Inverse Trigonometric Functions - Detailed Notes

1. Principal Value and General Solution:

• Principal Value:
• The principal value of an inverse trigonometric function is the unique value within its principal range.
• For inverse sine (sin^-1 x), principal range = [-π/2, π/2].
• For inverse cosine (cos^-1 x), principal range = [0, π].
• For inverse tangent (tan^-1 x), principal range = (-π/2, π/2).
• General Solution:
• The general solution of an inverse trigonometric function includes all possible solutions obtained by adding or subtracting integer multiples of 2π (for sine and cosine) or π (for tangent) to the principal value.
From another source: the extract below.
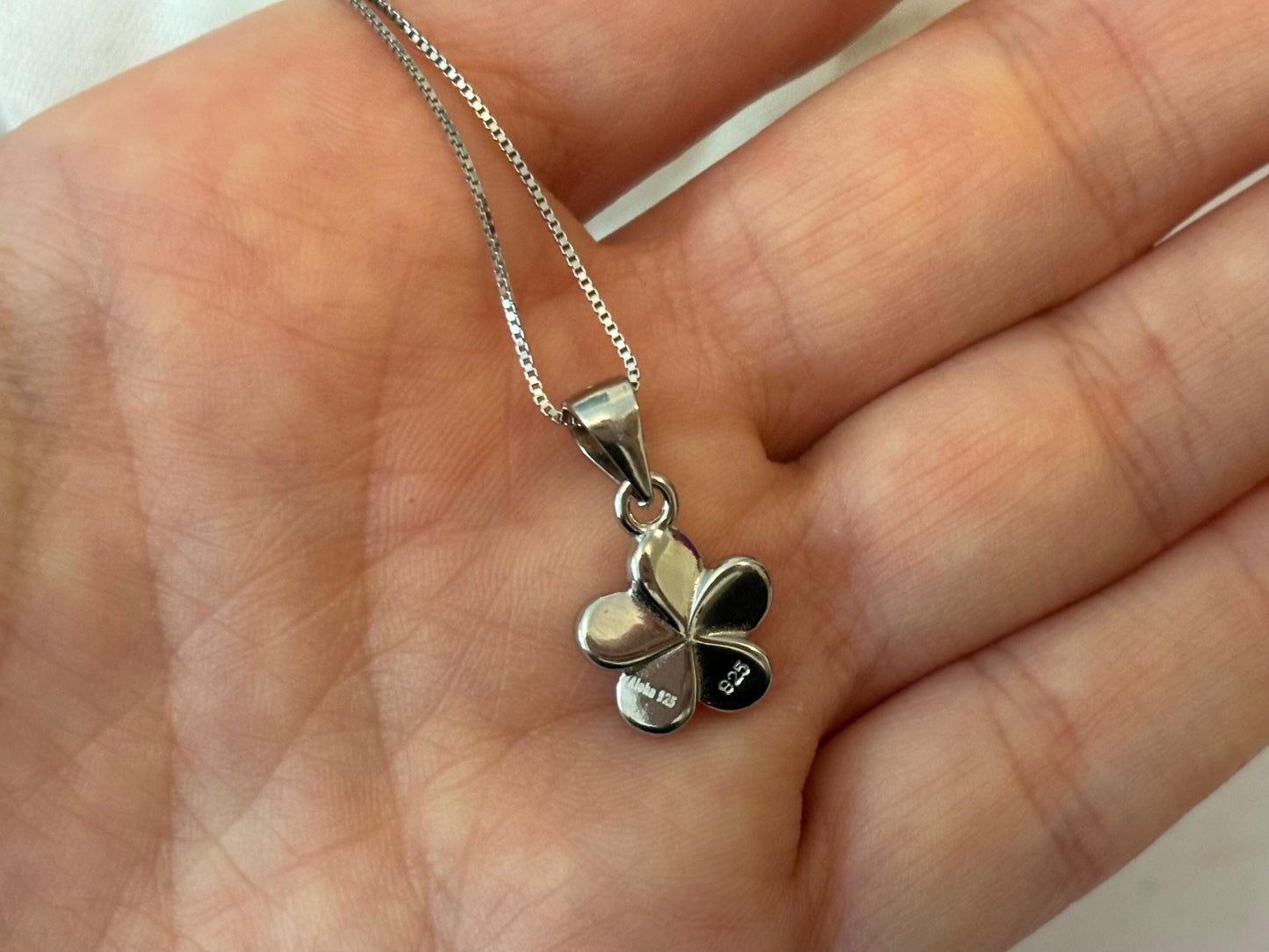 Dainty White Opal Plumeria Flower Necklace Tarnish Free with chain Girly Minimalist Floral Gift for Her Gift for Mom 925 Sterling Silver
2. Properties and Identities:

• Domain and Range:

• Domain: For sin^-1 x, [-1, 1]; cos^-1 x, [-1, 1]; tan^-1 x, R (all real numbers).

• Range: For sin^-1 x, [-π/2, π/2]; cos^-1 x, [0, π]; tan^-1 x, (-π/2, π/2).

• Even/Odd Functions:

• sin^-1 x and tan^-1 x are odd functions.
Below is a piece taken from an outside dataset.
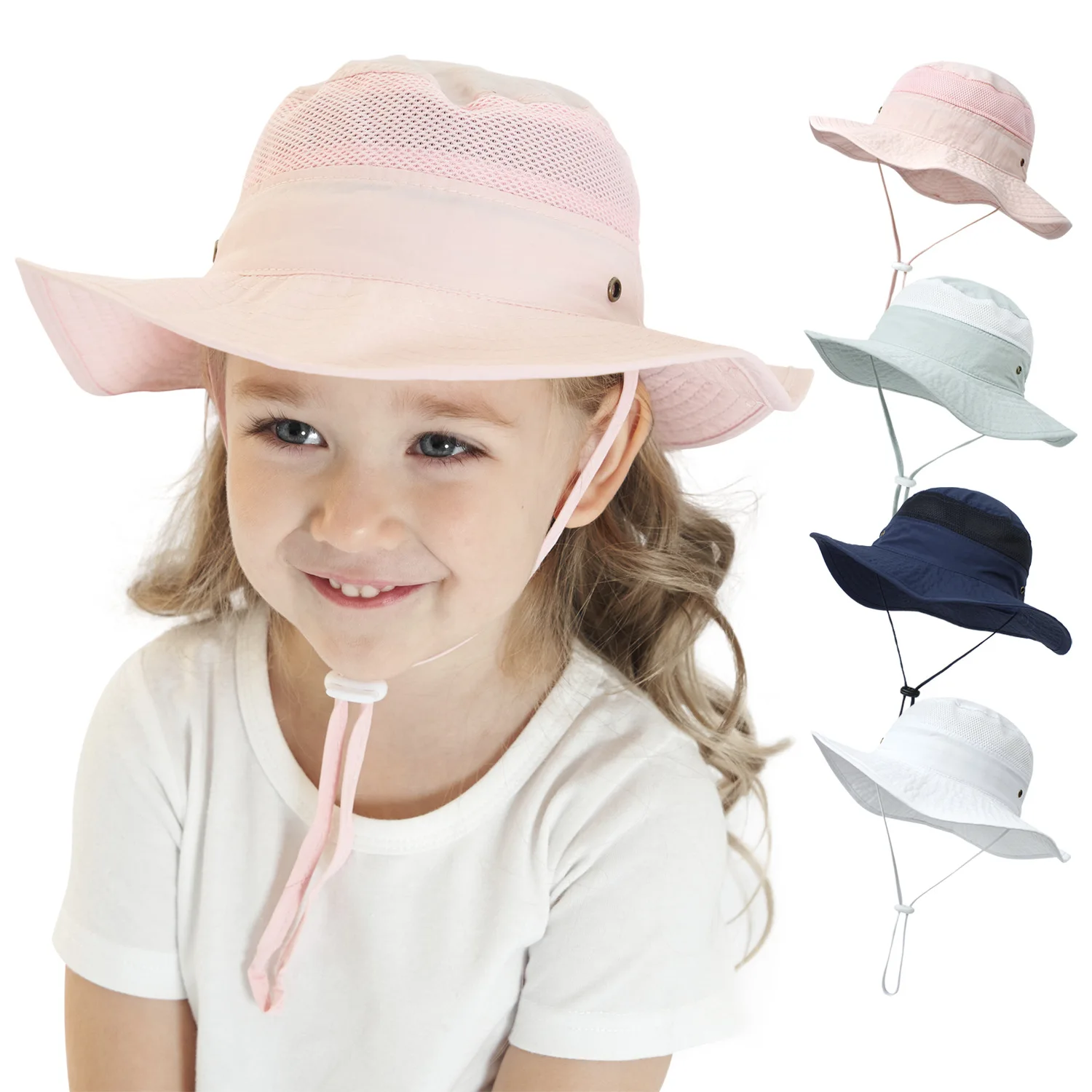 Summer Kids Sun Hat Children Beach Hats Caps Outdoor Travel Breathable Mesh Fisherman Hat UV Protection Hats Boys Girls Cap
• cos^-1 x is an even function.

• Periodicity:

• sin^-1 x and tan^-1 x have a period of 2π.

• cos^-1 x has a period of 2π.

3. Graphs:

• Graphs of sin^-1 x and tan^-1 x:

• Both graphs pass through the origin.

• sin^-1 x is an increasing function and goes from -π/2 to π/2 as x increases from -1 to 1.
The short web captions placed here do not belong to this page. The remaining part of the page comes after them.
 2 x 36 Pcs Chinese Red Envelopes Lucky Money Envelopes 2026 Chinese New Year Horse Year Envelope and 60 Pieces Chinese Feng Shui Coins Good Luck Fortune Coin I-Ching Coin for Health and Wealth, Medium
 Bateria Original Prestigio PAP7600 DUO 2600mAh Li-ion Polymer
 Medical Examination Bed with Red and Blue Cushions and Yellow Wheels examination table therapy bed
• tan^-1 x is also an increasing function and goes from -π/2 to π/2 as x increases from -∞ to ∞.

• Graph of cos^-1 x:

• Graph of cos^-1 x lies in the interval [0, π].

• As x increases from - 1 to 1, the graph starts at π and decreases to 0.

4. Composition of Functions:

• Identities:

• sin(cos^-1 x) = sqrt(1 - x^2) for -1 ≤ x ≤ 1

• cos(sin^-1 x) = sqrt(1 - x^2) for -1 ≤ x ≤ 1

• tan(cos^-1 x) = sqrt(1 - x^2) / x for 0 ≤ x ≤ 1, x ≠ 0

• Composition of Functions:

• Compositions with trigonometric functions can yield simplified expressions or identities.

5. Solving Equations:

• Solving Trigonometric Equations:
• Inverse trigonometric functions are used to solve trigonometric equations.
• For example, to solve the equation sin x = 0.5, we can find the value of x using the inverse sine function: x = sin^-1 (0.5) = π/6.

6. Applications:

• Finding Angles:
• Inverse trigonometric functions are used in finding angles of elevation or depression in real-life measurements and surveying.
• Oblique Triangles:
• Inverse trigonometric functions are employed in solving problems related to oblique triangles, where not all angles are right angles.
• Modeling Periodic Phenomena:
• Used in modeling periodic functions like sinusoidal motion and oscillatory behavior.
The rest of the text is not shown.